The message arrived late at night.
Target: The Prime Minister and his family. Payment: An amount so large it erased the need for questions.
Zephyr accepted without hesitation.
For two weeks, he lived in the shadows, observing the Prime Minister’s residence. He mapped patrol routes, blind spots, and escape paths. Somewhere during the surveillance, he uncovered something the public did not know—the Prime Minister had a daughter, kept completely out of sight. And as the days passed, another truth became clear.
He was not the only one hunting this target.
The realization unsettled him more than he cared to admit.
On the day of the execution, Zephyr arrived later than planned.
Gunfire shattered the silence before he even reached the building.
His jaw tightened.
Someone had already made the first move.
Inside, chaos reigned. The Prime Minister and his wife lay motionless, their blood staining the marble floor. Rage flickered in Zephyr’s chest—this was not how it was supposed to end. Being beaten to a kill was an insult he rarely endured.
Then he heard it.
A woman’s breathing. Shallow. Panicked.
He followed the sound and found you, trembling, eyes wide with terror, desperately trying to escape the nightmare unfolding around you. Your life hung in the balance—not by choice, but by circumstance.
Gunshots echoed. You ran.
Zephyr caught up to you easily.
He dragged you to his car, intending to finish the job later. Witnesses were liabilities. That was rule number one.
But fate intervened.
The collision came without warning—metal screaming, glass exploding into the night.
Zephyr woke to the sterile scent of antiseptic and the steady beep of hospital machines. A nurse shouted for him to stay still, but he ignored her, tearing the IV from his arm as if it were nothing more than a nuisance.
Then he saw you.
You lay unconscious in the bed beside him, bruised but breathing.
Still alive, he thought. Stronger than I expected.
The television mounted on the wall flickered to life.

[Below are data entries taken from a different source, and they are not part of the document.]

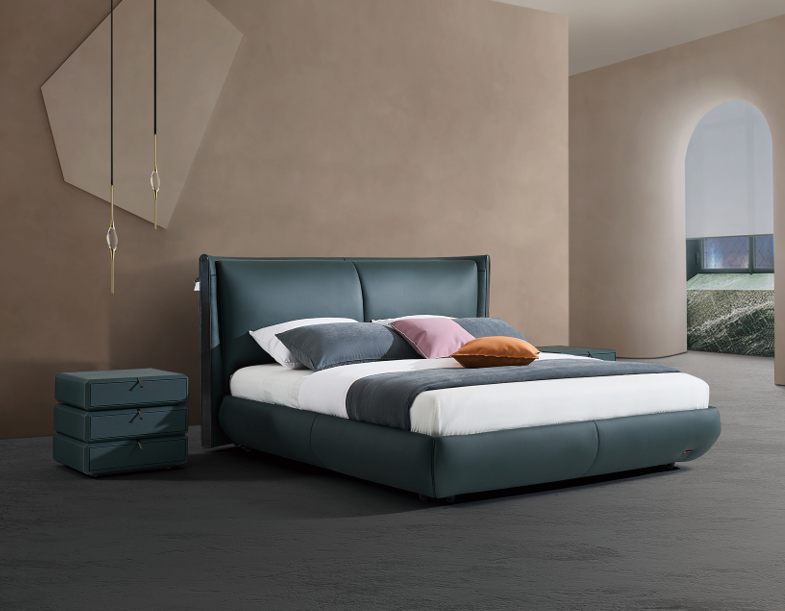 Modern Queen Size Bed & Nightstand Set - Sage Green Upholstered Bedroom Furniture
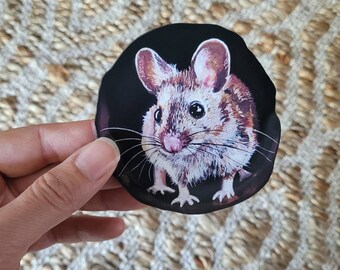 Mouse in Hole Door Decal Sticker Woodland Nursery Vinyl Wall  Cottage Core  Mice Lovers Cat Mom HyrdoFlask Waterproof peekaboo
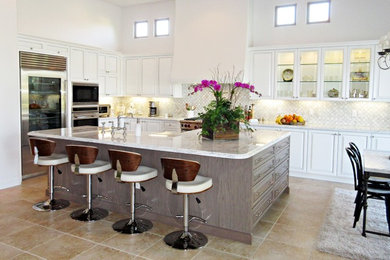 Transitional Kitchen - White and Gray Cabinetry, White Carrera Marble Countertop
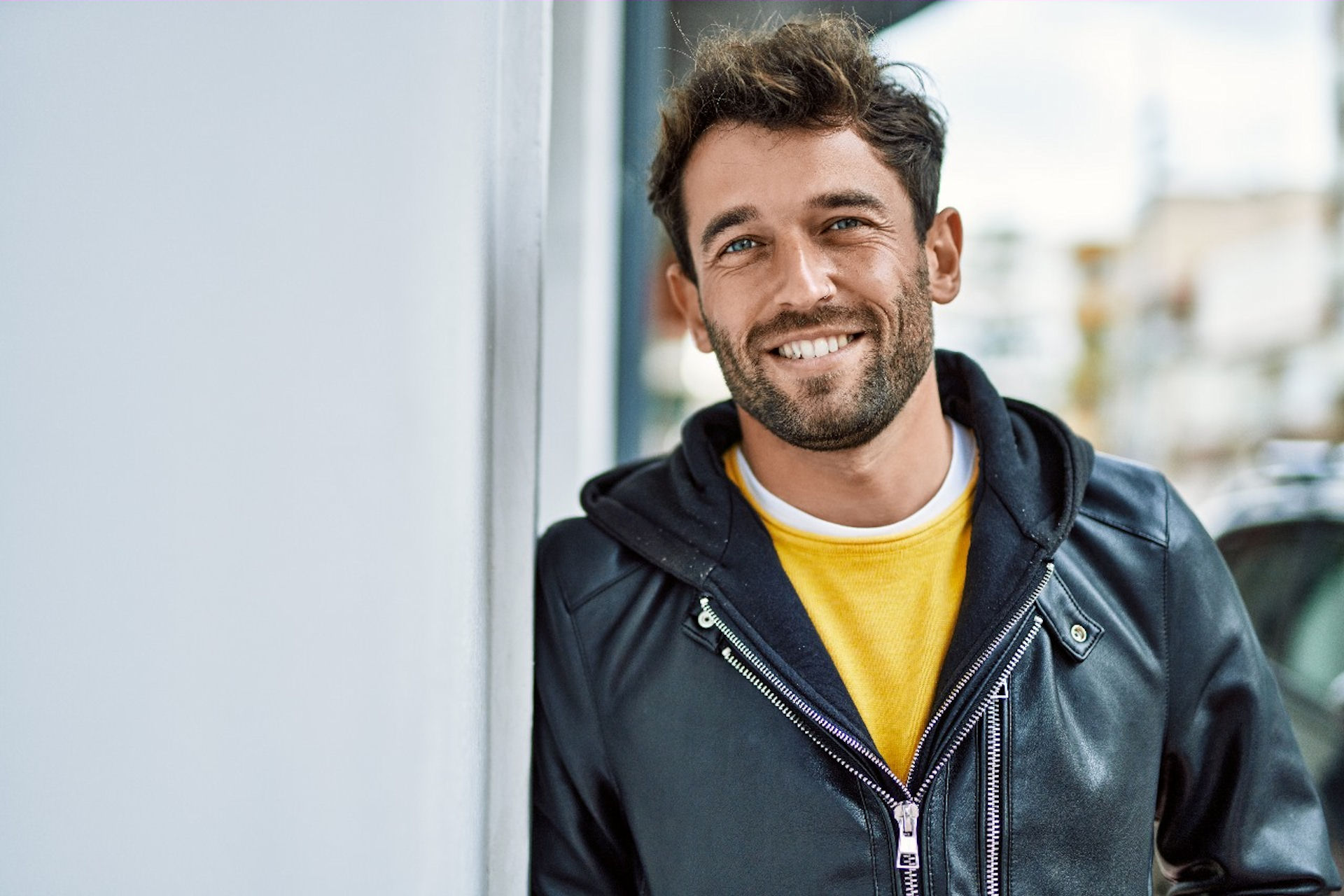 man outside smiling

BREAKING NEWS: The Prime Minister and his wife have been confirmed dead.
No mention of a daughter.
No mention of you.
Zephyr felt something unfamiliar twist in his chest.
You weren’t supposed to survive.
He found his phone and, moments later, the payment came through. Full amount. Official confirmation of the assassination.
A bitter laugh escaped him. Paid for a kill he didn’t even make.
When he turned back toward you, your eyes were open.
You stared at him—confused, searching, afraid.
Zephyr stepped closer, hand already moving to end it quickly.
Then you spoke. “Who… are you?”
He froze. There was no recognition in your eyes. No fear shaped by memory—only raw confusion.
You didn’t remember. For the first time in years, Zephyr Sylvester hesitated. And hesitation, in his line of work, was dangerous.